È difficile e doloroso raccontare l’inferno di Auschwitz-Birkenau e lo hanno fatto i tanti testimoni sopravvissuti come Primo Levi, Anna Frank, Edith Bruck, Elisa Springer, Liliana Segre, Nedo Fiano, Eva Schloss, Georges Hyvernaud ecc. Ci sono anche film come: Schindler’s list, Jona che visse nella balena, La vita è bella, Train de vie- un treno per vivere, La fuga degli angeli, La settima stanza, Gli ultimi giorni, La tregua, ecc. Riesce indimenticabile la visita a questo luogo in cui l’umanità ha vissuto il suo più drammatico calvario di offesa e di sterminio, e solo il ricordo dei martiri della carità come i santi Massimiliano Maria Kolbe e Teresa Benedetta della croce, i beati Timoteo (Stanislaw Tymoteusz) Trojanowski, Tito Brandsma ecc. accendono luci di speranza perché del male non si perda memoria e gli uomini imparino ad essere fratelli.

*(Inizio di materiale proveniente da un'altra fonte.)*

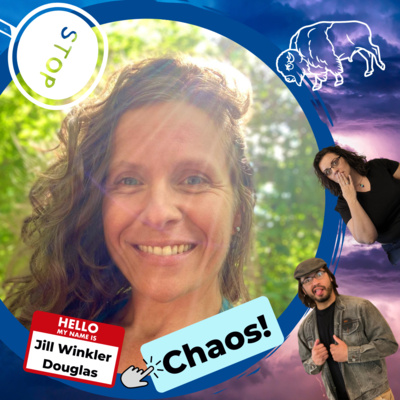 42: Twenty One Days To Become The Bison (Interview with Jill Winkler Douglas - Part 2)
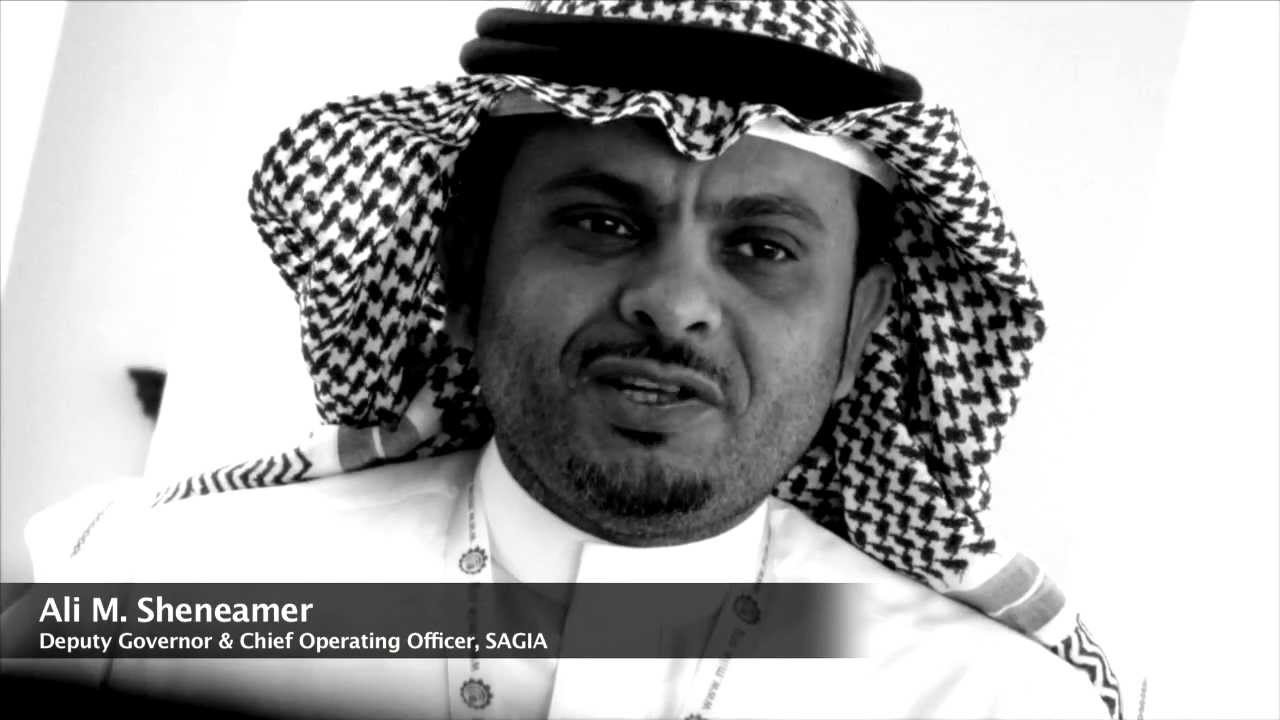 Ali M. Sheneamer Chief Operating Officer SAGIA - Testimonial | MILE Executive Education Program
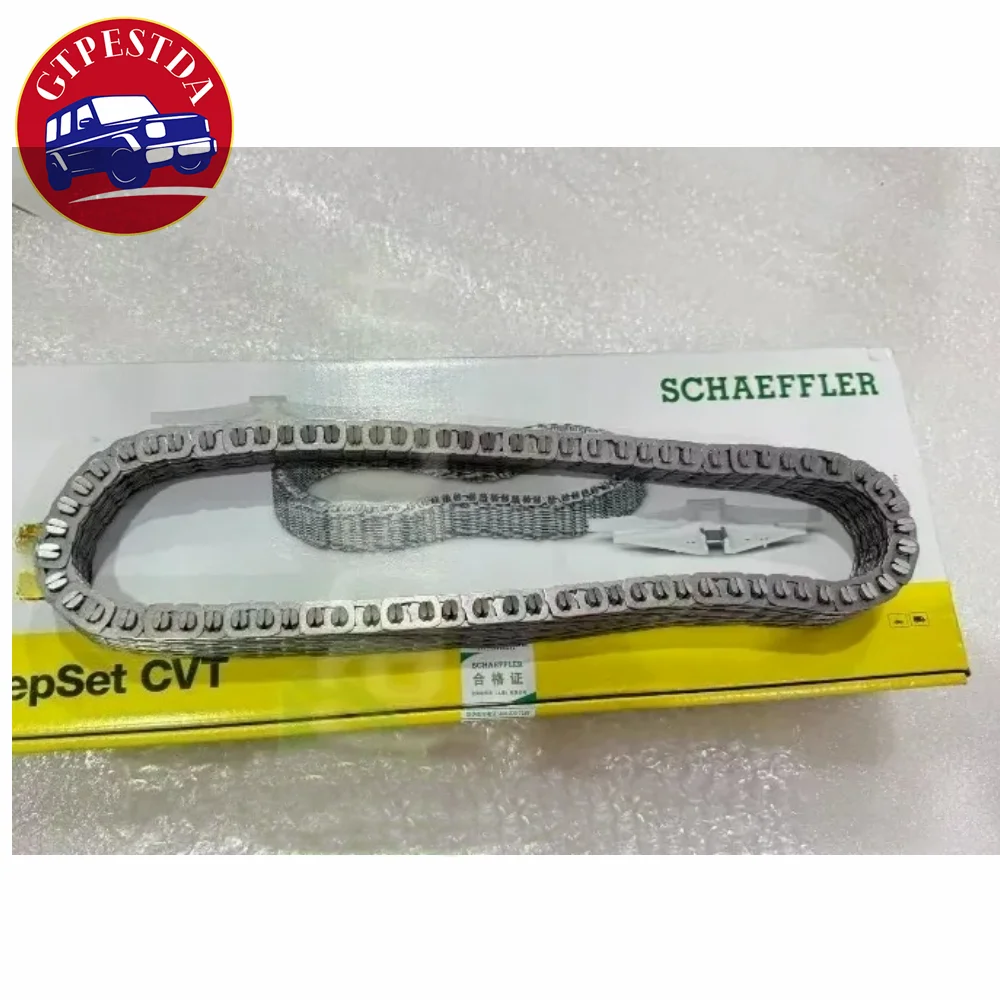 LUK Brand New JF018E JF017E CVT8 Automatic Transmission CVT Pulley Chain Belt Fits For Nissan Hybrid 3.5L Infiniti JF018 Gearbox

Lord Russell si sofferma a descrivere il «Konzentrationlager Auschwitz» vera industria della morte in cui, secondo il calcolo del comando tedesco, non meno di tre milioni di persone furono uccisi nelle camere a gas. A descrivere la piccola cittadina polacca di Auschwitz (Oswiecen) di 12.000 abitanti situata in un contesto ambientale insalubre di stagni, basta questa espressione: «La vita l’ha evitata per mille anni poiché vi sta a guardia la morte”. Agli inizi il campo era formato soltanto da sei vecchie baracche e da una fabbrica di tabacco. L’organizzatore del campo è il Haupsturmführer delle SS Rudolf Höss.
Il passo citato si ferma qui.